# Probability of spin-flip due to scattering

devd

## Homework Statement

A beam of spin-1/2 particles scatters off of a target consisting of spin-1/2 heavy nuclei. The interaction between the particle and nucleus is given by $$V(\vec{ r})= V_0~\delta (\vec{r})~ \vec{S}_1. \vec{S}_2$$

1) Averaging over initial spin states, find the differential scattering cross section.
2) Assuming the incident particles are polarized along ##+\hat{z}## and target nuclei are polarized along ##-\hat{z}##, find the probability that the spins of the incoming will have flipped.

## The Attempt at a Solution

I can do the first part, by constructing the triplet and singlet states and using the expression for scattering cross section in Born approximation and using the fact that the probabilities of triplet and singlet are 3/4 and 1/4.

I can begin by writing ##\vec{S}_1 . \vec{S}_2=S_{1z}S_{2z}+\frac{1}{2} S_{1+}S_{2-}+S_{1-}S_{2+}##. So, the potential couples the initial ##|\uparrow_{1}>|\downarrow_{2}>## state and the final ## |\downarrow_{1}>|\uparrow_{2}>## state.

For the probability I thought of using Fermi's Golden rule for the rate of transition and from there the probability. But, the whole setup of the scattering problem is essentially time independent, so this makes a bit hesitant.
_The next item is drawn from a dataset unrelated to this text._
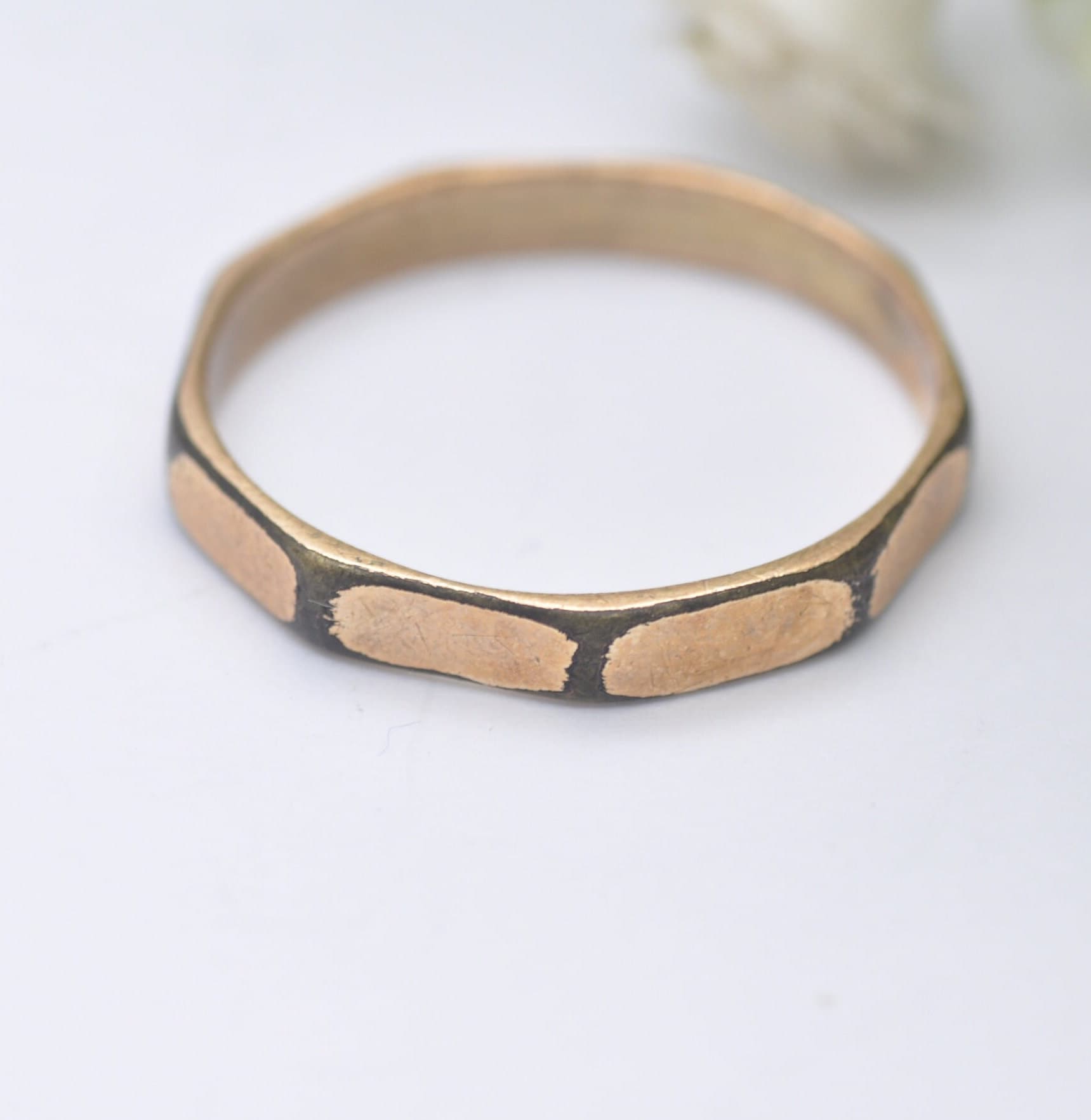 Antique Rolled Gold Squared Band Ring - Unusual Vintage Costume Jewellery | UK Size - U | US Size - 10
How do I go about it?

Mentor
I read the problem as asking to compare the probability of detecting the scattered particle as flipped with that of detecting it in its initial spin state.

I can begin by writing ##\vec{S}_1 . \vec{S}_2=S_{1z}S_{2z}+\frac{1}{2} S_{1+}S_{2-}+S_{1-}S_{2+}##.
There is a little mistake here.